A full machine learning pipeline applied to IRS nonprofit organization data — predicting revenue using regression, classification, and a hybrid clustering approach. Built with scikit-learn on a real-world messy dataset of US charities and nonprofits.
Developed as a data science course final project at the University of Cincinnati.
Given organizational characteristics of US nonprofits registered with the IRS — tax classification, state, ruling year, activity codes, and more — can we predict their annual revenue?
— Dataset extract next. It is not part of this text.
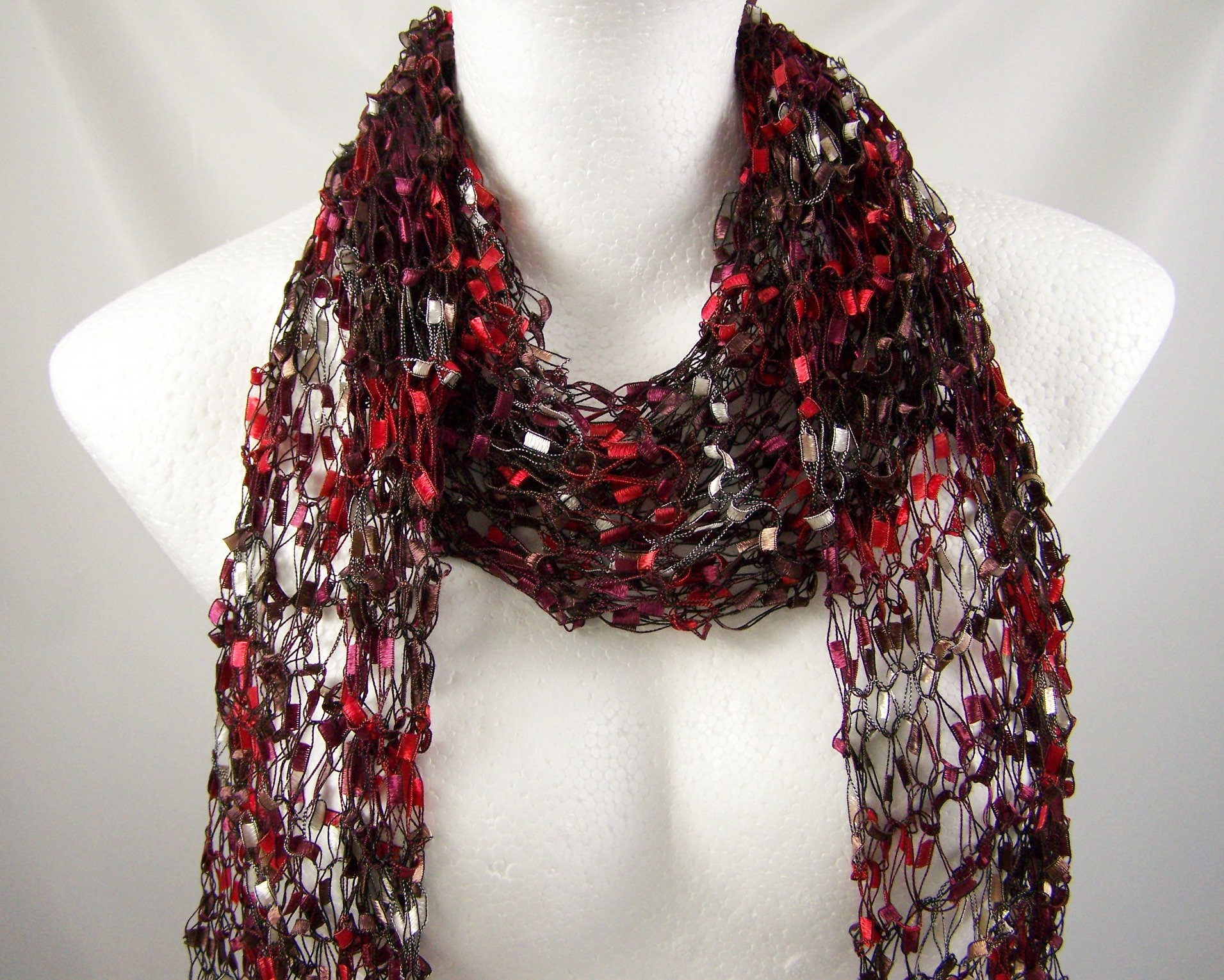 Feurige Energie Schal Handarbeit Lace Strickschal Tücher Geschenk Geburtstag Frauen Accessoires Rottöne Weiss Weihnachten Boho Hippie von glanzundgeschmeide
And can segmenting organizations into clusters before modeling improve performance?
This project tackles the problem three ways: as a regression task (predict exact revenue), as a classification task (predict revenue tier), and as a hybrid system using KMeans clustering to train specialized models per segment.
US Charities and Nonprofits (IRS) Source: Kaggle — US Charities and Nonprofits
Download eo3.csv from the link above and place it in the project root before running.
Target variable: REVENUE_AMT — total annual revenue of each nonprofit organization
Features used: Tax period, ruling year, group code, activity codes, state (label encoded), NTEE category code, subsection, classification, affiliation, deductibility, organization type, status
Data cleaning: Removed direct identifiers and data leakage columns, dropped missing values, removed bottom and top 10% of revenue values to reduce skew, applied per-feature outlier removal at 1%-99% quantiles.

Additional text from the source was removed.